Each time you apply for a credit card, the credit provider will request an inquiry on your credit score and each inquiry and application result affects your credit score.

That is, if you have a high credit score and get your credit application approved, the approval may increase your score, especially if you consistently pay your bills on time.
However, lower credit scores may result in rejection, which may further lower your credit score.
How do lenders make a decision on credit card applications?
Credit providers look at current incomes, financial circumstances and credit score to determine whether an applicant would be able to pay their debts.

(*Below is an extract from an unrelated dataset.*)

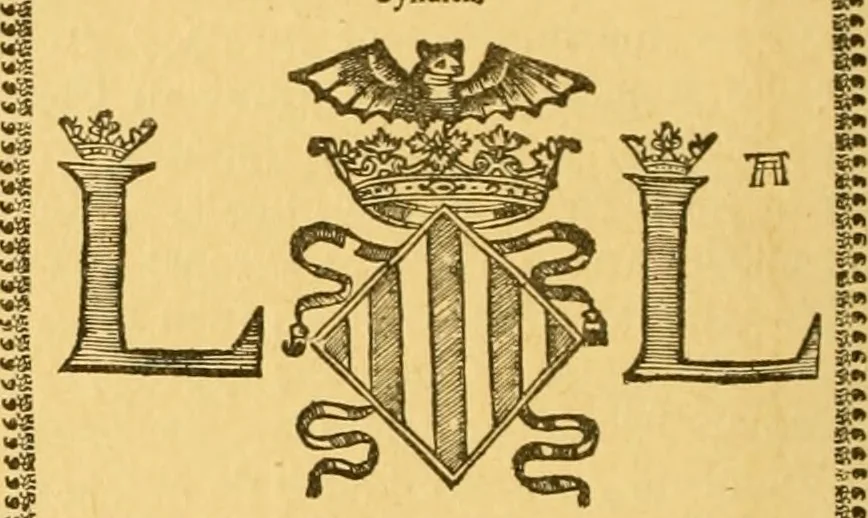 An illustration from Bibliografía de la lengua valenciana : o sea catálogo razonado por orden alfabético de autores de los libros, folletos, obras dramáticas, periódicos, coloquios, coplas, chistes, discursos, romances, alocuciones, cantares, gozes, etc., que escritos en lengua valenciana y bilingüe, han visto la luz pública desde el establecimiento de la imprenta en España hasta nuestros días, 1915, leaf 153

However, consumers with good credit scores receive better rates and terms because they pose less risk for lenders.
How is credit card interest calculated?
Interest rates are usually indicated “per annum”. Issuers show credit card interest rates because it’s how the interest adds up annually. However, interest rates are not applied to debt annually but on a daily basis.

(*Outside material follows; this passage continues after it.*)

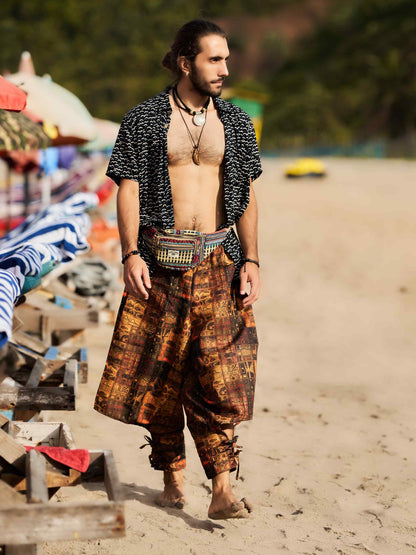 Buy Men's Traditional Vintage Print Hippy Boho Harem Unisex Pants For Travel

For instance, if you have a credit card with a 16.97 per cent interest p.a., a rate of 0.0465 per cent is applied to your balance each day. By the end of a full year (365 days), the total interest that was applied to your balance would be equal to 16.97 per cent.
What credit card should I get?
Based on your spending behaviour, financial health and other needs, figure out which credit card feature will give you the best returns for your spending.
- Low-rate cards
Low-rate cards are credit cards that offer low interest rates to cardholders. This type of card may be best suited for you if there’s a possibility that you’ll be unable to pay your balance in full each month. - Low-fee cards
Low-fee cards are the direct opposite of low-rate cards. You will be granted low to zero annual and transaction fees, which may extend to foreign transactions. But, in exchange, high interest rates will apply to your transactions if you don’t pay your balance in full by the due date. - Rewards cards
Rewards cards will allow you to earn points that you can exchange for rewards points when you spend a certain amount on eligible purchases. But cards with rewards schemes charge a high interest if you don’t pay the balance in full before the interest-free period expires.

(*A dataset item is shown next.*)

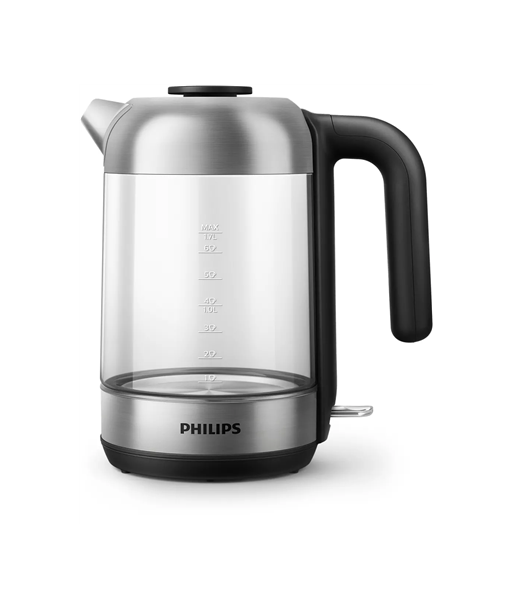 Чайник Philips, HD9339/80, Electric, 2200 W, 1.7 L, Stainless steel/Glass, 360° rotational base, Black/Silver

Rewards schemes vary depending on the credit provider and their partner companies and merchants. - Balance transfer cards
If you have an existing credit card debt and the amount is ballooning due to the high interest rate, you may consider a balance transfer card – preferably one with a 0 per cent interest. - Black, platinum and gold cards
These elite cards are available to high-income earners who have impeccable credit ratings. Given these basic requirements, black, gold and platinum credit cards can offer you a higher credit limit, as well as exclusive perks such as free use of airport lounges.
What credit card is best to use abroad?
Mastercard, Visa and American Express cards are accepted in many countries. However, your needs and the country you will go to would still dictate which card is best to use.
It’s best to ask the credit provider if the card you are applying for offers perks when used in the country you will go to or risk being charged with higher interest rates.
What is the best way to pay off my credit card?
It’s generally best to pay your credit card balance on time and in full to avoid paying off a larger amount due to interest.
However, if your finances are tight, you may consider paying an amount above the minimum required payment until you are able to pay in full. Paying above the minimum will help lower your interest payments.
Are credit card fees tax deductible?
There are some instances when credit card fees can be deductible if you use the card to pay your tax bill. However, this is generally applicable if you pay business tax liabilities and not personal tax liabilities.
What do I do when my credit card expires?
You can always renew your credit card once it expires by calling up your credit provider. But you may be liable to pay an annual fee for extending your credit card’s expiration.
However, you may request to have your fees waived – credit providers may be willing to offer this if you have been a good client.